Fundamentals of Donor Retention
CARE then sends a communication preference postcard a week later, allowing donors to inform the organization how they would like to communicate with it. There is a thank-you on the outer envelope of the postcard, a letter from the president about how CARE uses donated money wisely, and the opportunity for donors to say how they want to hear from CARE and how often.
“Very few send in the postcard, but it lets them know we let them have a say and we care about them,” Jones said.
There is no ask on the postcard. It’s more of an engagement piece to help build the relationship with the new donor.
The next mailing in the series is the child survival appeal, the top-performing appeal for CARE. It asks donors to give that second (or third) gift right up front, beginning on the outer envelope and continuing inside.

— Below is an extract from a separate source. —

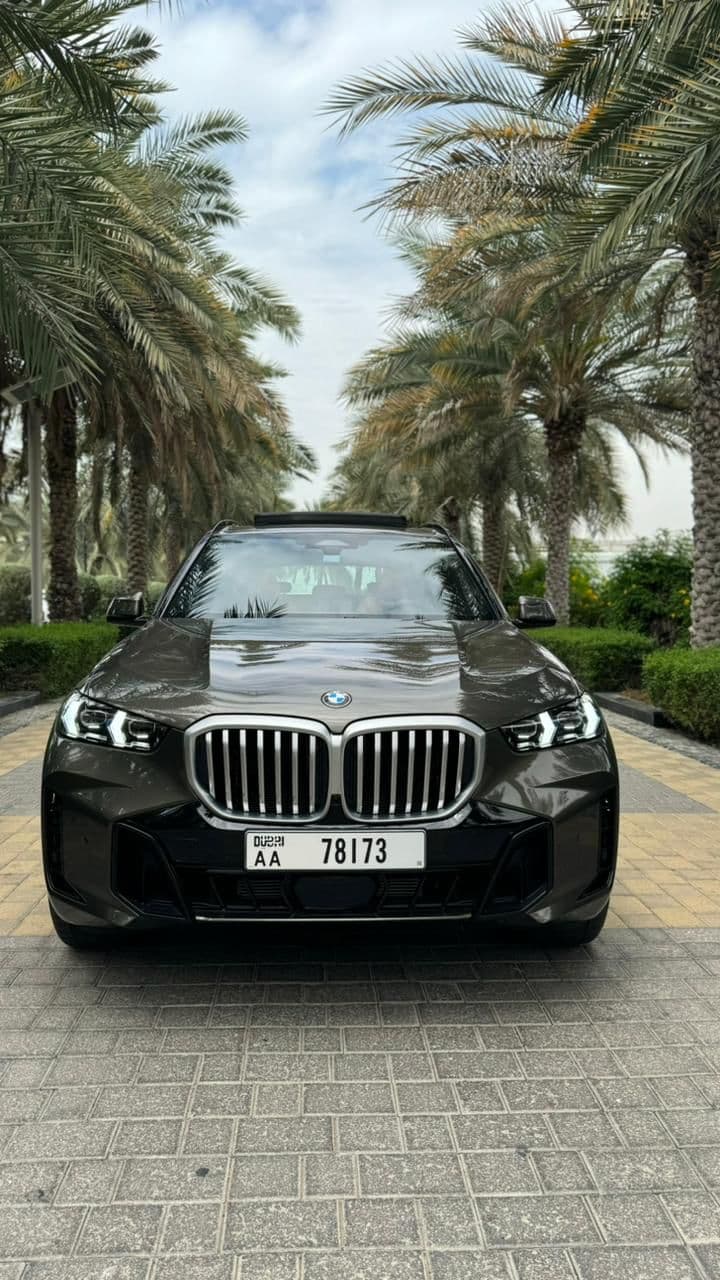 BMW X5 2025 - Image 1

It highlights how giving leads to feeding the hungry, taking a more functional tone — describing how gifts are used, providing a matching-gift element, personalization, etc.
The key copy, Jones said, is the paragraph that states, “As someone who’s so recently been generous and given, you understand why we have a need.”

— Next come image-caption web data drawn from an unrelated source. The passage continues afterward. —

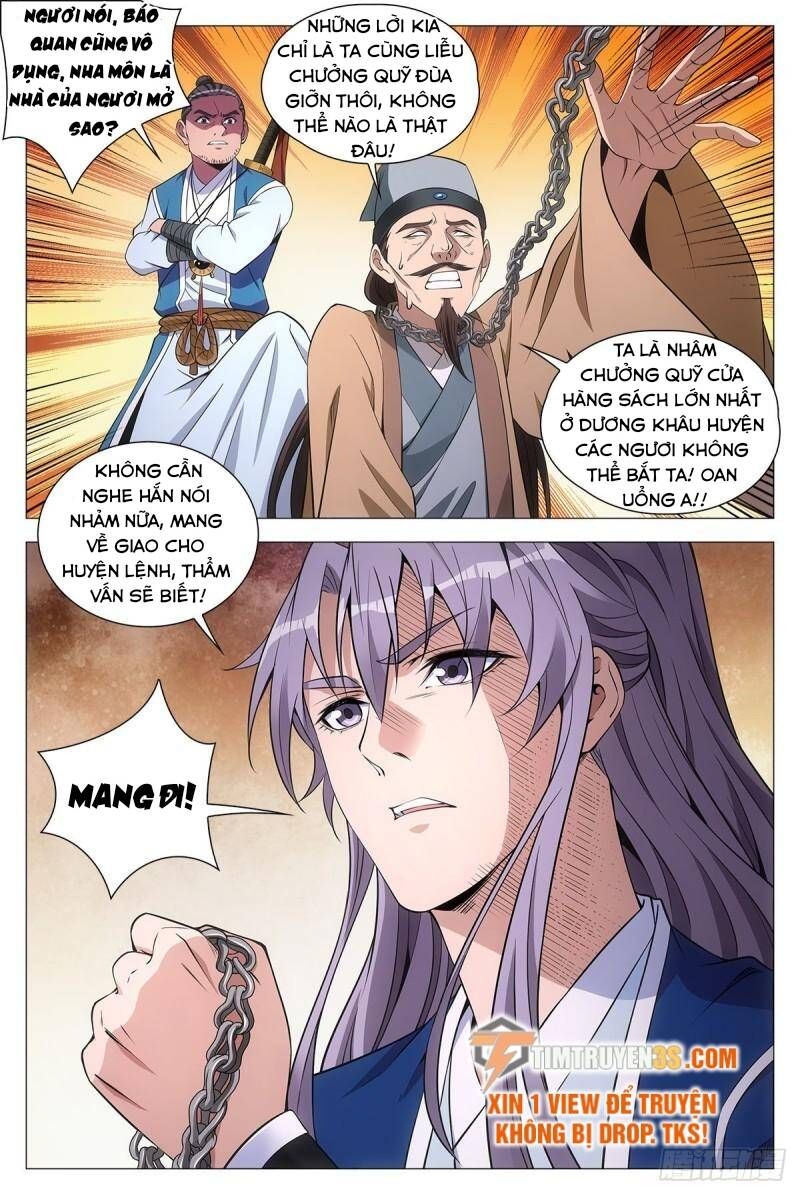 đọc truyện Đại Chu Tiên Lại Chương 62 ảnh 16 tại Thiên Thai Truyện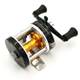 Mingyang Cl25 Drum Reel for Micro-Fishing, Deep-Line Spool, Metal Frame, Long-Distance Casting Lure Reel, Mingyang Cl25 Micro-Fishing Drum Reel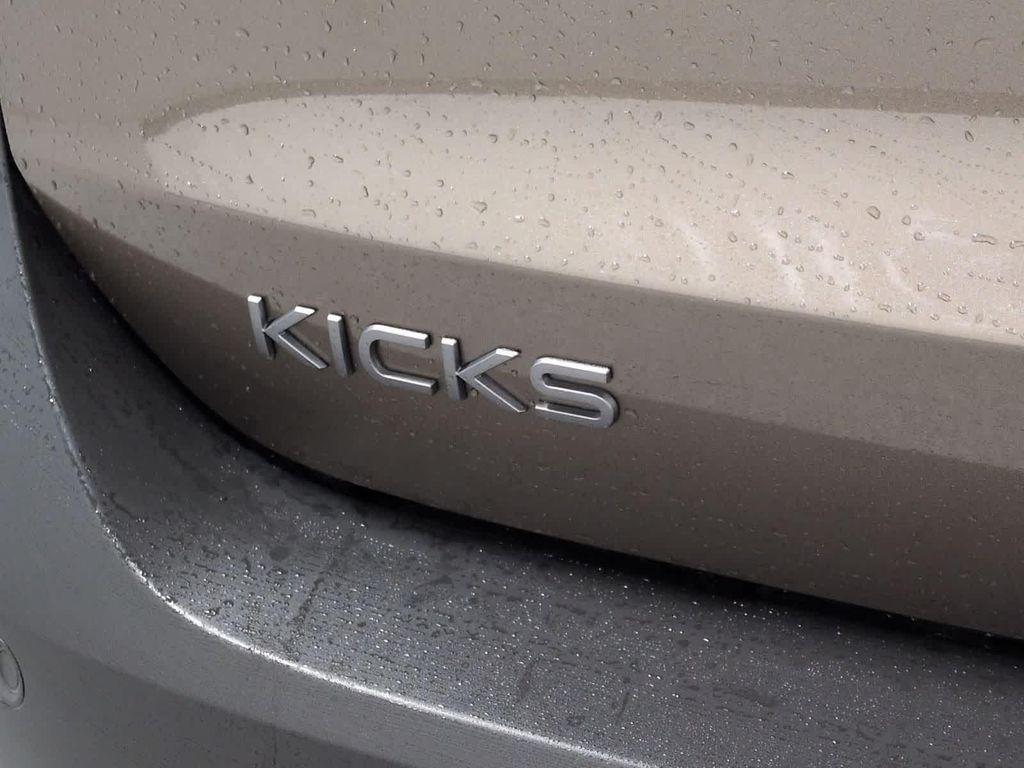 new 2026 Nissan Kicks car, priced at $28,799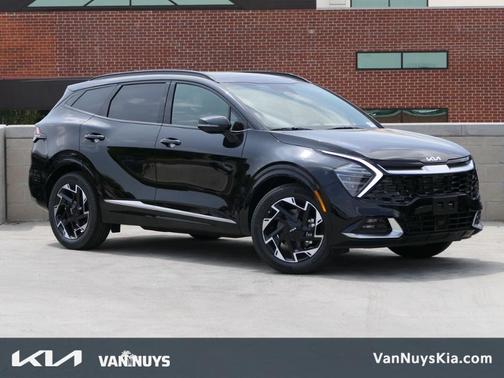 2025 Kia Sportage SX-Prestige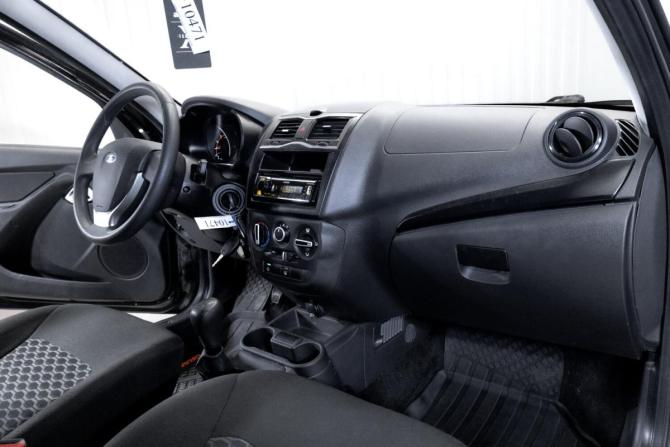 Lada (ВАЗ) Granta I Рестайлинг с пробегом 2024 года, цена 840 000 рублей, 42777 км, седан, Автокод Объявления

CARE follows that up with a monthly-giving invitation mailing, asking new donors to become monthly donors. The focus is on getting donors to join the Partners for Change monthly-giving program. It does have a one-time gift ask, but it’s something recipients have to hunt for, Jones said.
The monthly giving invite is a higher-end brochure. The same time it hits, CARE calls those donors it has phone numbers for, and it’s also sent to e-mail donors in an e-mail appeal.
“We have a planned-out series,” Jones said. “Donors get thanked two times, asking them throughout for that next gift, sending appeals with the same message that brought them to CARE, and asking them to become monthly donors.”